## TASK PROMPT
Write out the entries exactly. None of the pictures should appear in the copy.

(Recorded data)
-----
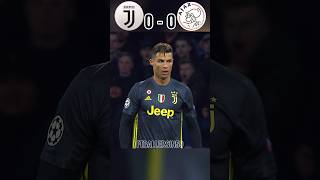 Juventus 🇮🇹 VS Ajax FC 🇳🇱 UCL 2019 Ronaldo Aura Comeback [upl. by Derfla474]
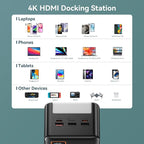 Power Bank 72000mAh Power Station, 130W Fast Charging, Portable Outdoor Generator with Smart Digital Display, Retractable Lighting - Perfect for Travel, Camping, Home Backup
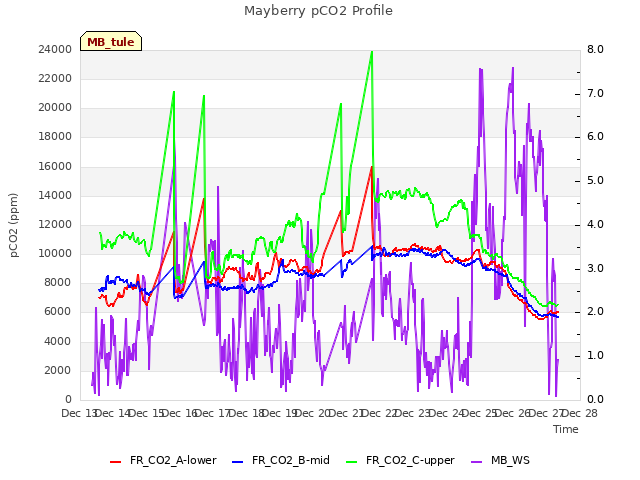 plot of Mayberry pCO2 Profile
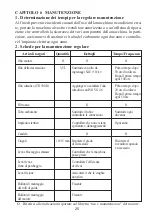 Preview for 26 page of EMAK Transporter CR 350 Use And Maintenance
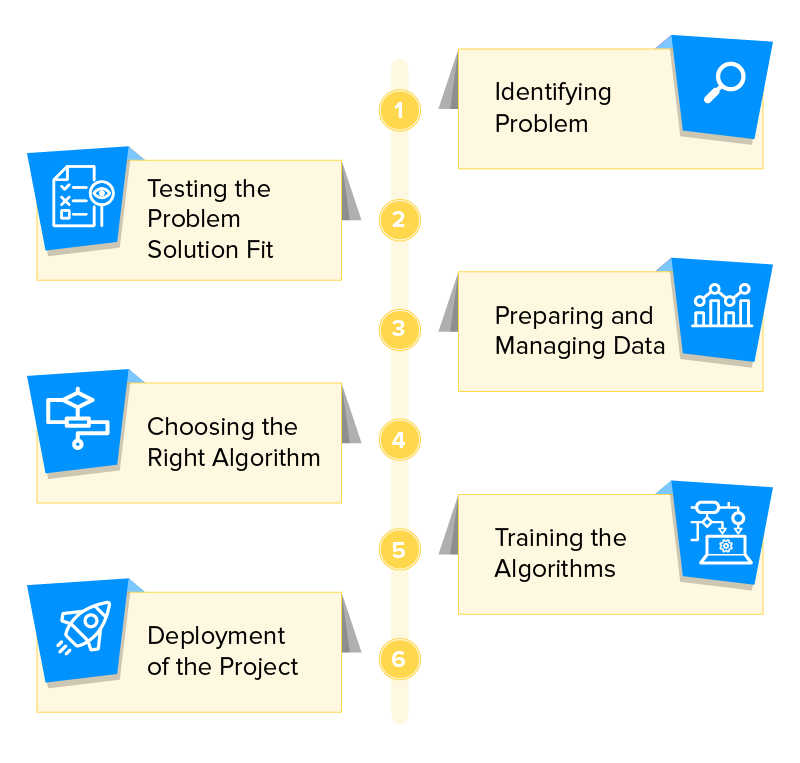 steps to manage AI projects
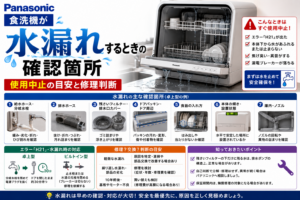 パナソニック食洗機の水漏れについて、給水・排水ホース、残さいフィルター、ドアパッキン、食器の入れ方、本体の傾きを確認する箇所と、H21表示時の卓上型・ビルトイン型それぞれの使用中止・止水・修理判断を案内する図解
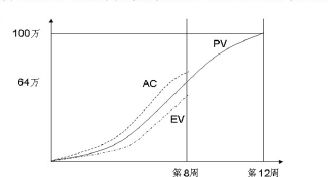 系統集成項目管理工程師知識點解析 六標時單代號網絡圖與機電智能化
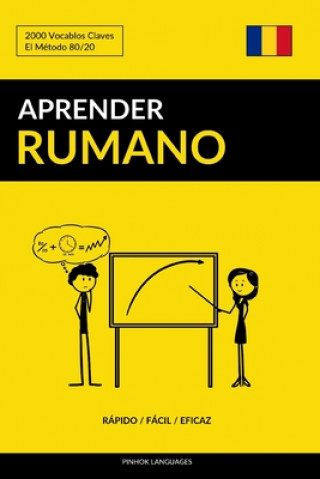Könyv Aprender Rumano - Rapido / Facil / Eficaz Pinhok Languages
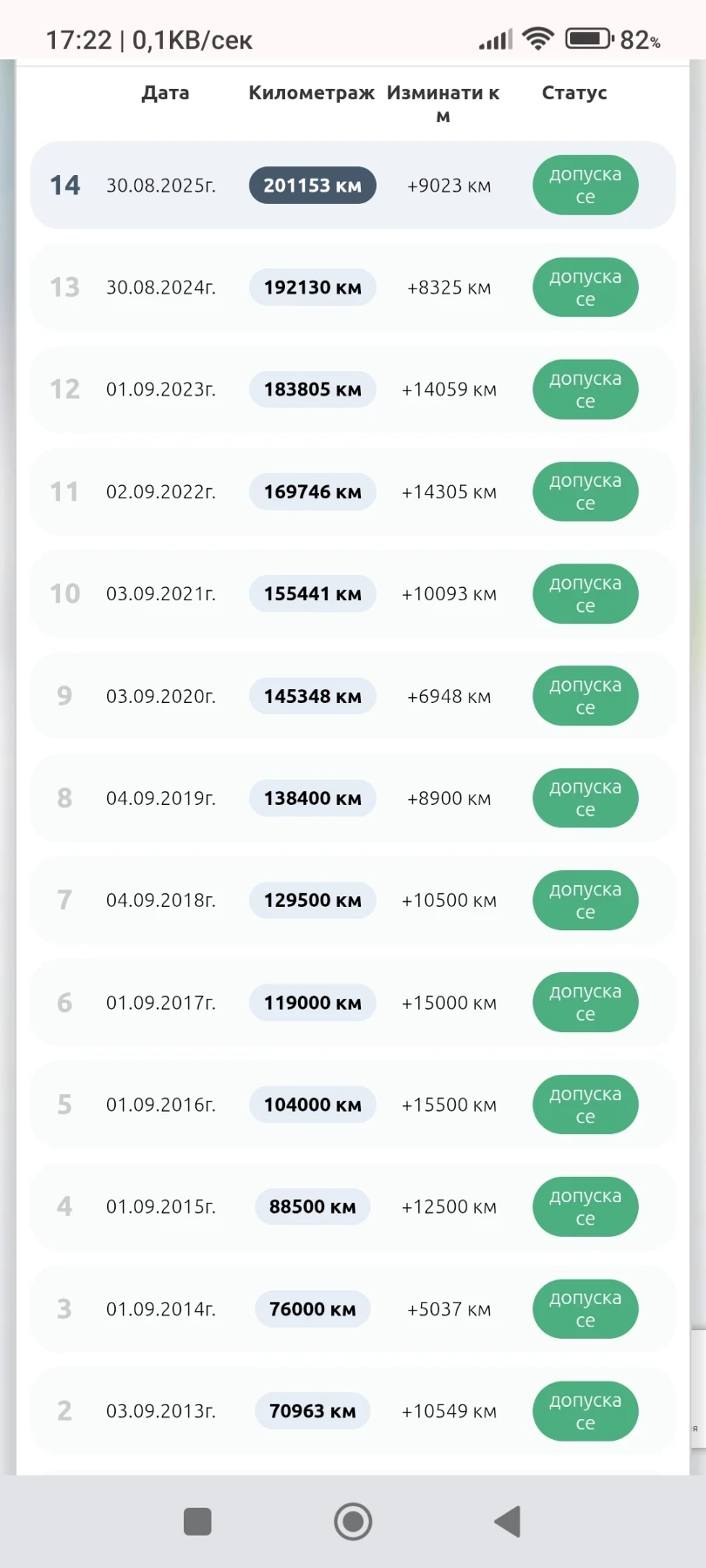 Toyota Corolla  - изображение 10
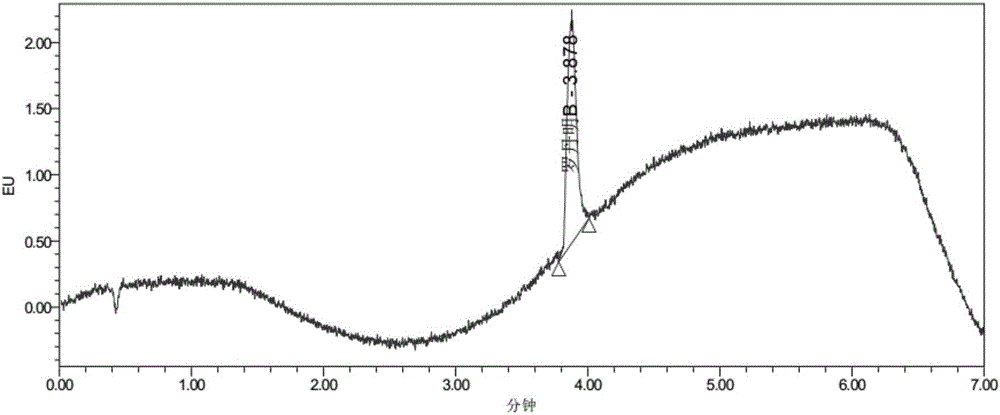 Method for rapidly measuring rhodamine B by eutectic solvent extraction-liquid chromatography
-----
## REPLY
 Juventus 🇮🇹 VS Ajax FC 🇳🇱 UCL 2019 Ronaldo Aura Comeback [upl. by Derfla474]
 Power Bank 72000mAh Power Station, 130W Fast Charging, Portable Outdoor Generator with Smart Digital Display, Retractable Lighting - Perfect for Travel, Camping, Home Backup
 plot of Mayberry pCO2 Profile
 Preview for 26 page of EMAK Transporter CR 350 Use And Maintenance
 steps to manage AI projects
 パナソニック食洗機の水漏れについて、給水・排水ホース、残さいフィルター、ドアパッキン、食器の入れ方、本体の傾きを確認する箇所と、H21表示時の卓上型・ビルトイン型それぞれの使用中止・止水・修理判断を案内する図解
 系統集成項目管理工程師知識點解析 六標時單代號網絡圖與機電智能化
Könyv Aprender Rumano - Rapido / Facil / Eficaz Pinhok Languages
 Toyota Corolla  - изображение 10
 Method for rapidly measuring rhodamine B by eutectic solvent extraction-liquid chromatography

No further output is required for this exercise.